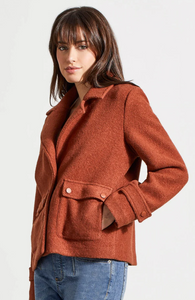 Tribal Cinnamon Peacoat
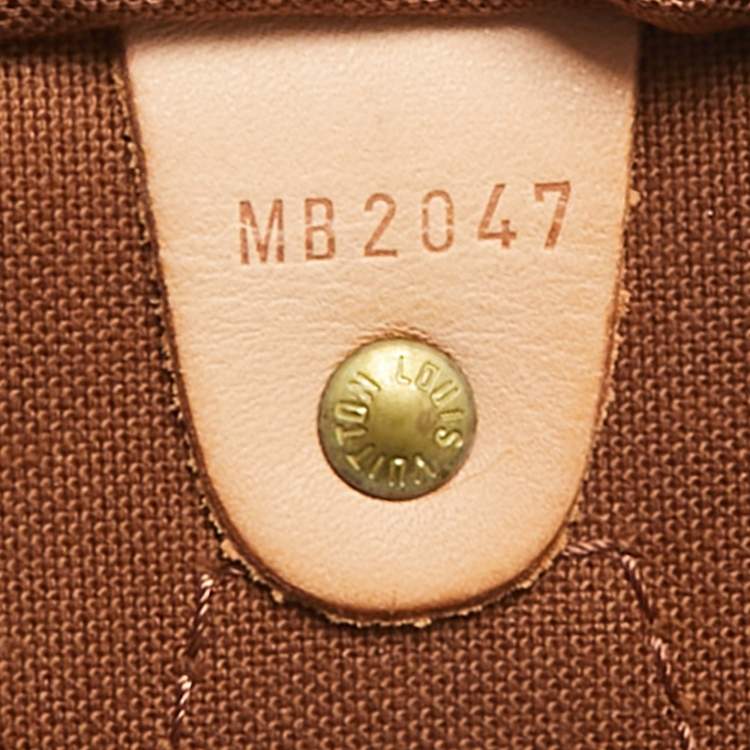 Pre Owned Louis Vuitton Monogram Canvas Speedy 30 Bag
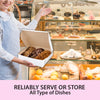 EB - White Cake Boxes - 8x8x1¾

==

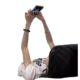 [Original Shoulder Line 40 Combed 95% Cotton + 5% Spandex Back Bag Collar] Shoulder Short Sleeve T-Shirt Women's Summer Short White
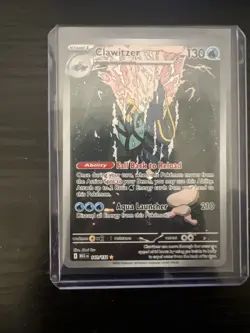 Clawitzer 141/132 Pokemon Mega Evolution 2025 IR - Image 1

--

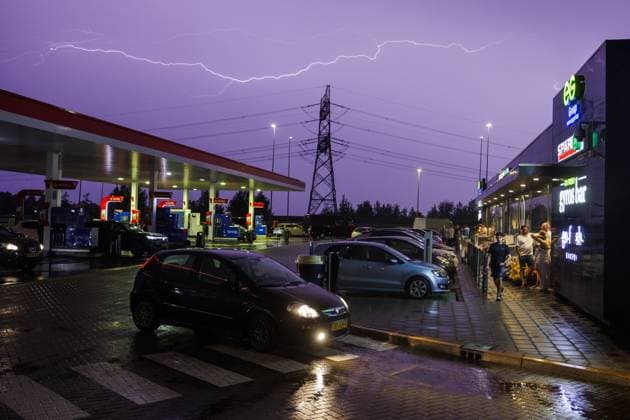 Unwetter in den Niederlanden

**Task directions**: The copy should hold only the lines from the one with "Tribal Cinnamon Peacoat" through the one with "EB - White Cake Boxes - 8x8x1¾", exactly as they stand above. Leave out the pictures.

**Written answer**:
 Tribal Cinnamon Peacoat
 Pre Owned Louis Vuitton Monogram Canvas Speedy 30 Bag
 EB - White Cake Boxes - 8x8x1¾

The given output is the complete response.